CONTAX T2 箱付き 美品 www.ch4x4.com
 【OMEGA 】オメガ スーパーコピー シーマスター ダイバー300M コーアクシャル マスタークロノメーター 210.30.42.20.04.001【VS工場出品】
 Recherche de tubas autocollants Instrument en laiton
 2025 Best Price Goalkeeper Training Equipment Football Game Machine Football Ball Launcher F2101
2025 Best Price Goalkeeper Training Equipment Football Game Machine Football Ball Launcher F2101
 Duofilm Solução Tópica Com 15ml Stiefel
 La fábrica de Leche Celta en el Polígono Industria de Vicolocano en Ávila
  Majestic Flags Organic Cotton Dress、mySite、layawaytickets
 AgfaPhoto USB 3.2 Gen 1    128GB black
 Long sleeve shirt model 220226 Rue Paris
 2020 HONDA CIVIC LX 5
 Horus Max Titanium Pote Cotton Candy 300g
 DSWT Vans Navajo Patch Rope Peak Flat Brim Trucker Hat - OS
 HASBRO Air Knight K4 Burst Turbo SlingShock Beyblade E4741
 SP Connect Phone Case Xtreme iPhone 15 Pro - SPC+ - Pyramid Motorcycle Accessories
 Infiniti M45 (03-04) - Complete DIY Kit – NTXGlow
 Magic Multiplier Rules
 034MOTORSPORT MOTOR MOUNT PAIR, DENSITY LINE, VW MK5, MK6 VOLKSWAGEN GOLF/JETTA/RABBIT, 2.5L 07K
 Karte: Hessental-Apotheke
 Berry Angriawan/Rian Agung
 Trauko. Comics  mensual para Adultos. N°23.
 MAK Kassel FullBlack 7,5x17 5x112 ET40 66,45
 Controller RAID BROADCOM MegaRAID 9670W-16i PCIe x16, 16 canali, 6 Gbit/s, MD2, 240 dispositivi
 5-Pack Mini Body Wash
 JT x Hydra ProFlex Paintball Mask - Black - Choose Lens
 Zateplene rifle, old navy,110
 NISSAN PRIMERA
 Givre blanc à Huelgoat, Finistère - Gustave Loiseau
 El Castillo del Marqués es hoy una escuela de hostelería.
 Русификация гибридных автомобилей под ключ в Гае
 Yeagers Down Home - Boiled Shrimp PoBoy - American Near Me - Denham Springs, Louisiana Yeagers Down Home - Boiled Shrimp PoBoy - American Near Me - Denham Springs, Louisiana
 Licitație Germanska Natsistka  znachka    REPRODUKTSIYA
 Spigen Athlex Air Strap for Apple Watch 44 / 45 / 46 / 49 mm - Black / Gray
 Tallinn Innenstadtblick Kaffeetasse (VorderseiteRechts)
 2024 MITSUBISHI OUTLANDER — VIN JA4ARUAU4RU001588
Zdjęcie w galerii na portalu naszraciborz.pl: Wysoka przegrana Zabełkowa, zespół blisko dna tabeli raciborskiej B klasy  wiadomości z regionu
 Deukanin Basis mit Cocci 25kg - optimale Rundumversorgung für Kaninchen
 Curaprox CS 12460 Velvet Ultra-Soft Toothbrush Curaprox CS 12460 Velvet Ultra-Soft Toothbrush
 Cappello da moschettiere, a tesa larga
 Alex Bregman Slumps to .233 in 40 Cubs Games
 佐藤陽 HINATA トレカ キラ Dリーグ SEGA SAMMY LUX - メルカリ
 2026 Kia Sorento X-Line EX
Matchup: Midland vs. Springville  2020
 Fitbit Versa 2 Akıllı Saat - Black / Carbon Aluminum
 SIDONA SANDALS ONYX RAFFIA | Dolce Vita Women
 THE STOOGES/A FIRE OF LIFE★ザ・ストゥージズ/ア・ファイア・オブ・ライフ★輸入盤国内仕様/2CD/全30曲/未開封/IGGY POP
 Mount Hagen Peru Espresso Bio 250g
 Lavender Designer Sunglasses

---*---

■ **TASK DESCRIPTION**
Word for word, restate the line with "Русификация гибридных автомобилей" and all remaining lines of the material, stopping only at the final line.

■ **WRITTEN SOLUTION**
 Русификация гибридных автомобилей под ключ в Гае
 Yeagers Down Home - Boiled Shrimp PoBoy - American Near Me - Denham Springs, Louisiana Yeagers Down Home - Boiled Shrimp PoBoy - American Near Me - Denham Springs, Louisiana
 Licitație Germanska Natsistka  znachka    REPRODUKTSIYA
 Spigen Athlex Air Strap for Apple Watch 44 / 45 / 46 / 49 mm - Black / Gray
 Tallinn Innenstadtblick Kaffeetasse (VorderseiteRechts)
 2024 MITSUBISHI OUTLANDER — VIN JA4ARUAU4RU001588
Zdjęcie w galerii na portalu naszraciborz.pl: Wysoka przegrana Zabełkowa, zespół blisko dna tabeli raciborskiej B klasy  wiadomości z regionu
 Deukanin Basis mit Cocci 25kg - optimale Rundumversorgung für Kaninchen
 Curaprox CS 12460 Velvet Ultra-Soft Toothbrush Curaprox CS 12460 Velvet Ultra-Soft Toothbrush
 Cappello da moschettiere, a tesa larga
 Alex Bregman Slumps to .233 in 40 Cubs Games
 佐藤陽 HINATA トレカ キラ Dリーグ SEGA SAMMY LUX - メルカリ
 2026 Kia Sorento X-Line EX
Matchup: Midland vs. Springville  2020
 Fitbit Versa 2 Akıllı Saat - Black / Carbon Aluminum
 SIDONA SANDALS ONYX RAFFIA | Dolce Vita Women
 THE STOOGES/A FIRE OF LIFE★ザ・ストゥージズ/ア・ファイア・オブ・ライフ★輸入盤国内仕様/2CD/全30曲/未開封/IGGY POP
 Mount Hagen Peru Espresso Bio 250g
 Lavender Designer Sunglasses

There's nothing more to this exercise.